Provided entries –
+ + + +

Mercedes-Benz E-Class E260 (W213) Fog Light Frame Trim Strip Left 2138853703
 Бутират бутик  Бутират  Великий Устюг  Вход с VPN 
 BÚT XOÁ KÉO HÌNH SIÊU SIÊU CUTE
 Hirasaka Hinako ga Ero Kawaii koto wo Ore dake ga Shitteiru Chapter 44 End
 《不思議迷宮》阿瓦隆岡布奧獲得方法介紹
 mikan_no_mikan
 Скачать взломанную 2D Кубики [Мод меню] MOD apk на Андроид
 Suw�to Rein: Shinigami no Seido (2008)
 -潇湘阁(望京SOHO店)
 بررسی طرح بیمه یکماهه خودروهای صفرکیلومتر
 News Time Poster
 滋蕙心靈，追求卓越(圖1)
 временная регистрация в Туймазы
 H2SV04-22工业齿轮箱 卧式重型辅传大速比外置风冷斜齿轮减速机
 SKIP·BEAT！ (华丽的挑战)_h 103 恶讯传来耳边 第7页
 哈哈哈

+ + + +

From the first line of the listing above to the line that contains "滋蕙心靈，追求卓越(圖1)", inclusive, restate every line word for word. Nothing else belongs in the answer.

Mercedes-Benz E-Class E260 (W213) Fog Light Frame Trim Strip Left 2138853703
 Бутират бутик  Бутират  Великий Устюг  Вход с VPN 
 BÚT XOÁ KÉO HÌNH SIÊU SIÊU CUTE
 Hirasaka Hinako ga Ero Kawaii koto wo Ore dake ga Shitteiru Chapter 44 End
 《不思議迷宮》阿瓦隆岡布奧獲得方法介紹
 mikan_no_mikan
 Скачать взломанную 2D Кубики [Мод меню] MOD apk на Андроид
 Suw�to Rein: Shinigami no Seido (2008)
 -潇湘阁(望京SOHO店)
 بررسی طرح بیمه یکماهه خودروهای صفرکیلومتر
 News Time Poster
 滋蕙心靈，追求卓越(圖1)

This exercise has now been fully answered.